I'd be very interested if you could expland on this, and how it is that you call it a parable, which is what I argued fairly strongly in those early weeks that it was.
Chariklo....The pericope has a parabolic form; it belongs to a specific literary genre. Parables are either similitudes or short narratives that draw analogies between persons or situations (often taken from everyday life), or which exemplify a given person or situation, in order to illustrate a moral, legal, or doctrinal point. That is obviously the case here. The faithful and wise steward parable is also narratively parallel to other parables like the parable of the talents, the parable of the thief, etc.
The parable presupposes a particular eschatological view because the very purpose of the parable is to illustrate eschatological readiness with respect to the coming of the Son of Man in judgment.
FWFranz....Very interesting stuff. I was quite bothered by this when I was a JW too. The people that the Society mentioned as possible torch-bearers of the F&DS class had really little to do with each other historically or religiously (some were non-trinitarian, some followed an annual Last Supper custom, some used some form of the tetragrammaton, some sought to bring the Bible to the masses, some protested and were persecuted by the Church, some were looking for the fulfillment of prophecy, etc.), and were utterly scattered throughout the centuries. Against this, Franz weakly argued in the same book quoted above: "Just how the 'faithful and discreet' slave class existed and served down through the centuries after the death of the apostles of the Master Jesus Christ, we do not have a distinct historical picture. Apparently one generation of the 'slave' class fed the next succeeding generation thereof" (p. 344). It's the JW version of apostolic succession, except there is precious little evidence of it in history. Even in an article about one of those torch-bearers, the Waldenses, the Society could only raise the question of whether "the Waldenses were a link in the unbroken chain of dissenters between the time of Emperor Constantine (fourth century C.E.) and the Protestant reformers of the 16th century" or were simply "an isolated phenomenon," without giving any answer to that question (1 August 1981 Watchtower, p. 12).
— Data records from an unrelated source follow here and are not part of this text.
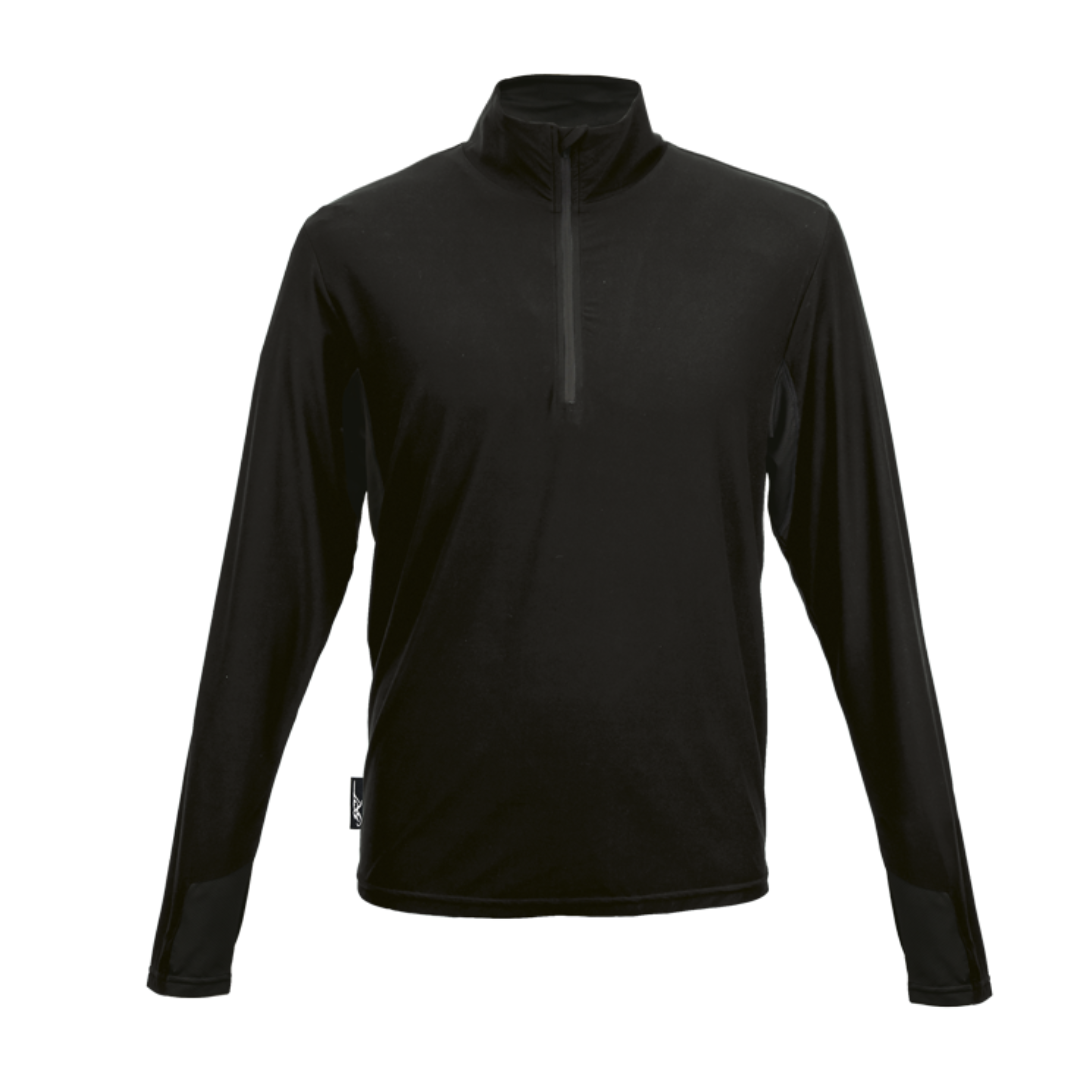 Lightweight Sweatshirt - Image 3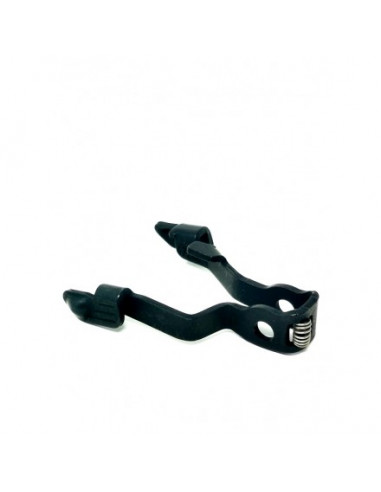 Leva sgancio carrello maggiorata Glock GEN-5 Riferimento R1I922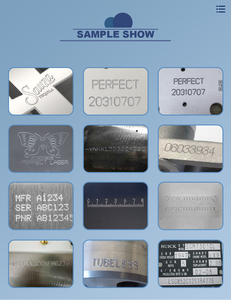 Machine de marquage électrique à points, <span class=keywords><strong>graveur</strong></span> de plaques métalliques de bureau pour tuyaux, PVC, plastique dur, <span class=keywords><strong>acier</strong></span>, plaques signalétiques, numéros industriels - Product Image 3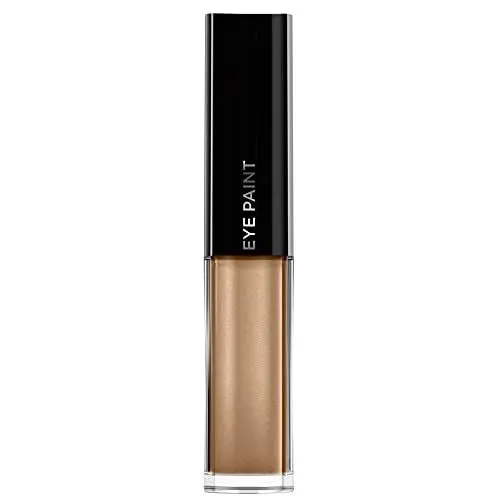 Produktbild: L'Oréal Paris Infaillible Eye Paint Nr. 306 Nudist, 1er Pack (1 x 1 Stück)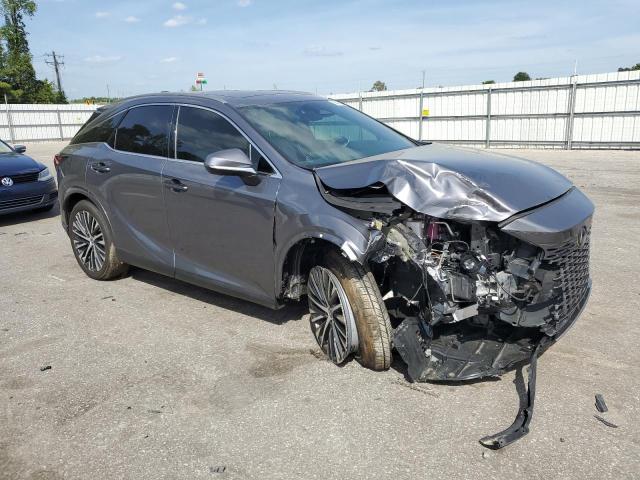 Vin: 2t2bamca3pc016786, lot: 53515625, lexus rx350 350 base 20234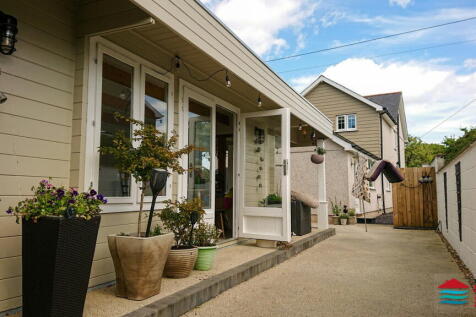 Property Image 44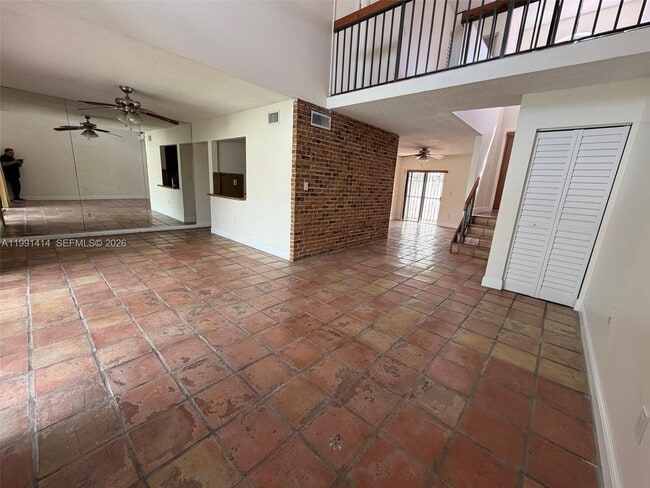 Building Photo - 1221 SW 124th Ct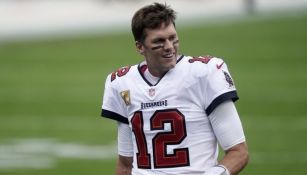 Tom Brady: ¿Cuánto dinero le ofrecen al exquarterback por ser analista de TV?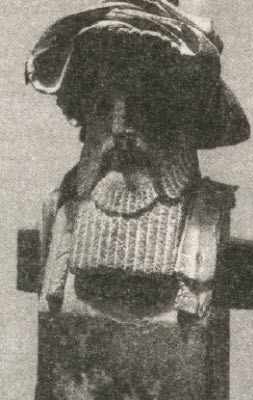 Иллюстрация к книге — Сокровища на дне [i_009.jpg]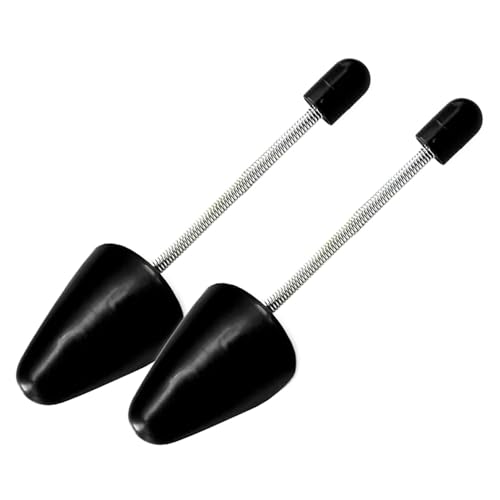 [A-Zoo] V[YL[p[ 5Zbg ^h~ V[YXgb`[ ol Y fB[X ubN NA CPApi vC Xj[J[ pvX [t@[ V[L[p[ V[PA XvO^Cv vX`bN (ubN, 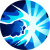 浴血狂袭.png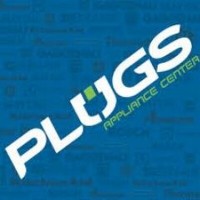 Plugs Appliance logo - Similar company to Skulytics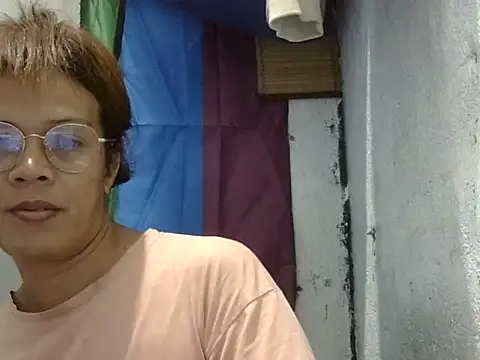 juicycum069 Live XXX Chat
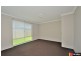 186 Yindana Boulevard, Lakelands WA 6180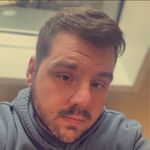 Profile Picture of Chris Lindquist (@chris_92_lindquist) on Instagram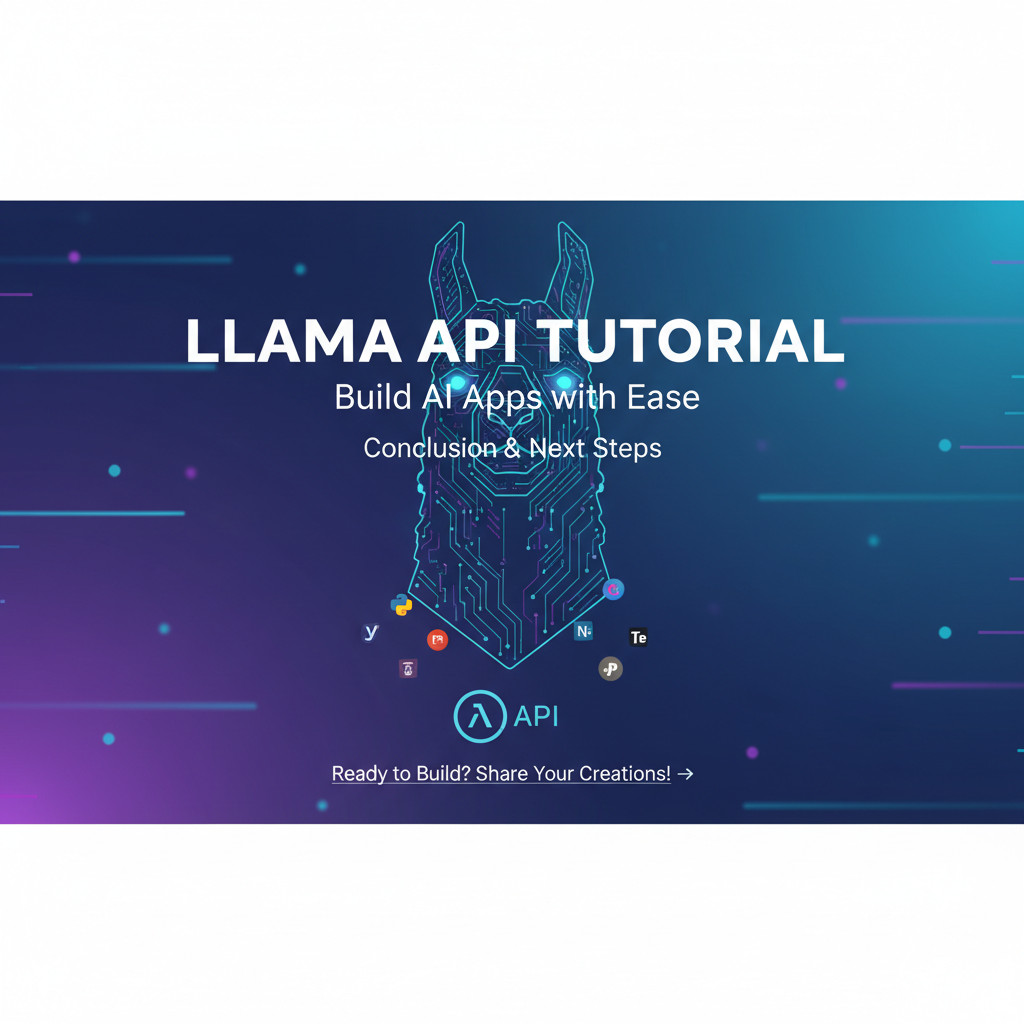 Article Summary Image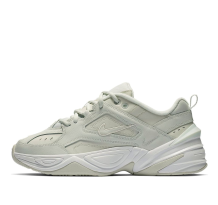 Nike M2K Tekno (AO3108-010)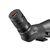 Zeiss Conquest Gavia 85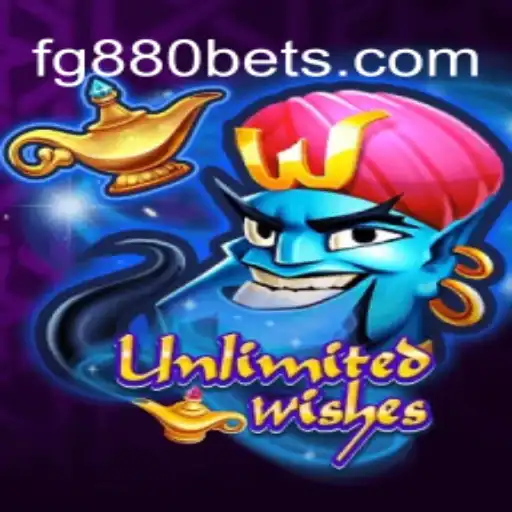 Discover the Magic: Exploring the World of UnlimitedWishes with FG880.com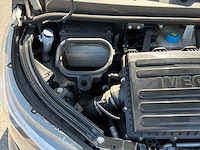 Iveco daily 35s12 2.3 410 autohoogwerker / bedrijfswagen - afbeelding 63 van  70
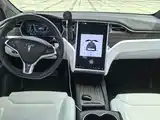 Фото 14 - Tesla Model X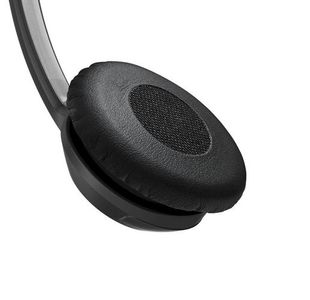 Epos Impact Sc 230 Mono Headset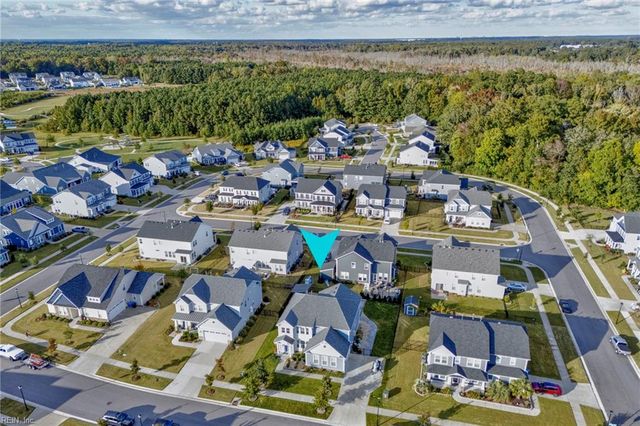 2848 Kingsfield DR, Virginia Beach, VA 23456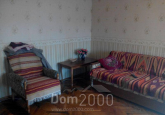 Lease 2-room apartment - Добрый Путь, 5 str., Golosiyivskiy (9180-553) | Dom2000.com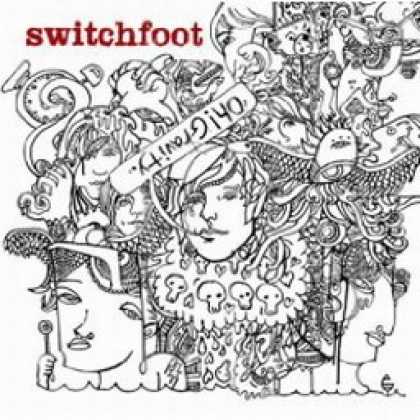 Miscellaneous CDs 4491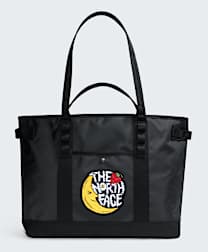 TNF x Sky High Farm Goods Tote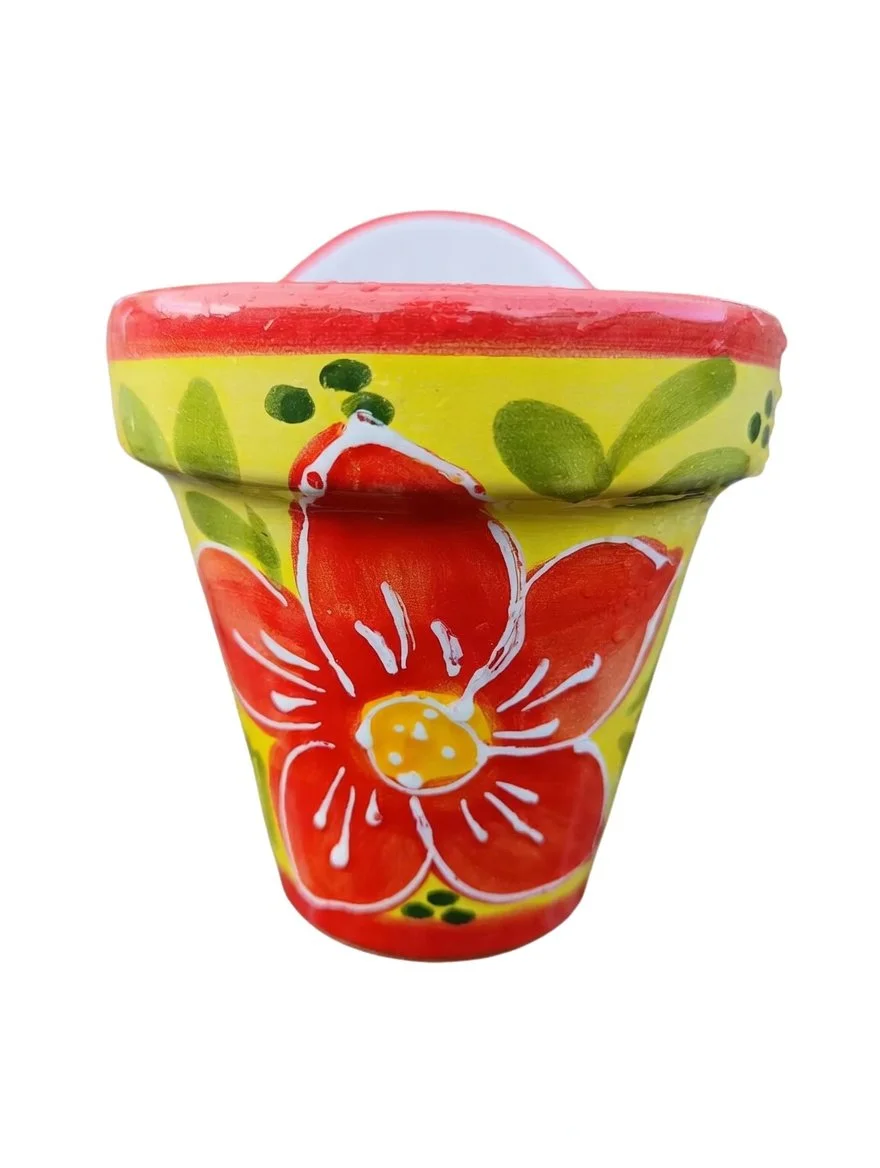 Ceramic_Rainbow_Pot-5.jpg (Copy) (Copy)
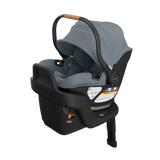 UPPAbaby Aria V2 Infant Car Seat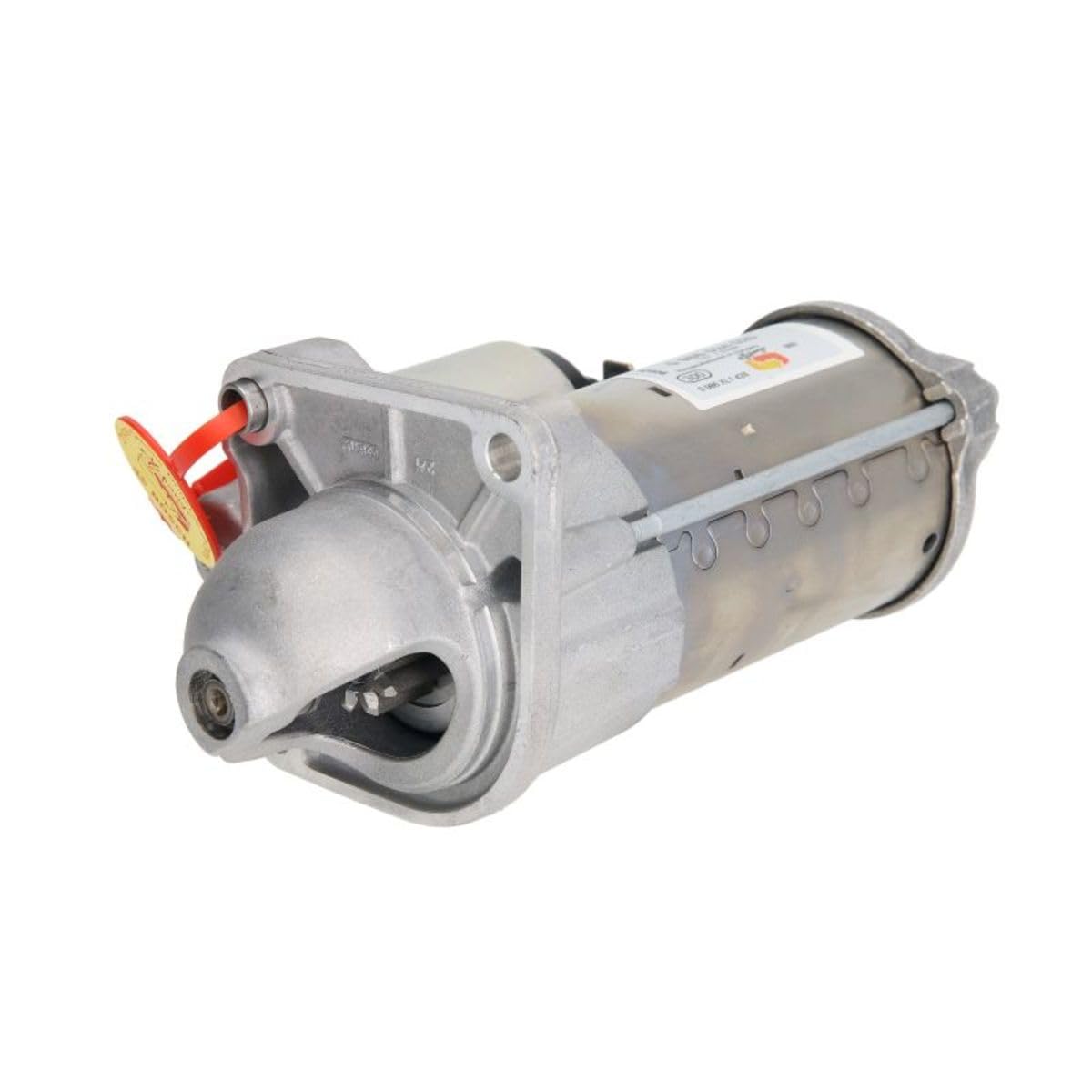 BOSCH 0 986 024 020 Anlasser BOSCH 0 986 024 020 Anlasser von Bosch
Nothing has really changed, except they have essentially delayed the starting point of choosing the slave. If the R&F swallow THAT, then future spin in order to further delay the " end " will be swallowed as well. Am I on the same page here? What I see is an official delaying tactic, because we know they have been doing this for years anyway.
DATA-DOG....It still makes no sense to me why the GB would want to defer into the future its own appointment over the Lord's belongings, since it is THAT EVENT, dated to 1919, that precludes any thought that the Society could be the wicked servant. All the new teaching seems to do is rob the GB of that certainty because their identification as the F&DS is now truly only prospective and dependent on their conduct from here on out. If there occurs a power struggle within the Society over the authority of the GB (or rather those appointed to be on the GB), this could come back to bite them in the butt.
That's because it is incoherent. Did you forget? These are the same people that gave us "Overlapping Generation" as an explanation for what Jesus meant at Matthew 24:34.
00DAD...I have no expectation that it be any more coherent, I'm just pointing out how like the "overlapping generation" teaching, it creates greater incoherence than there was before, and that's gonna make it a harder sell for those JWs left in the org who aren't mindless drones.
The GB are using this message board, they probably let leak the annual meeting and using this board to refine how they print it.
EoM....I think it'll take more than refining to fix this one, if they care to (they don't care to fix the new generation doctrine).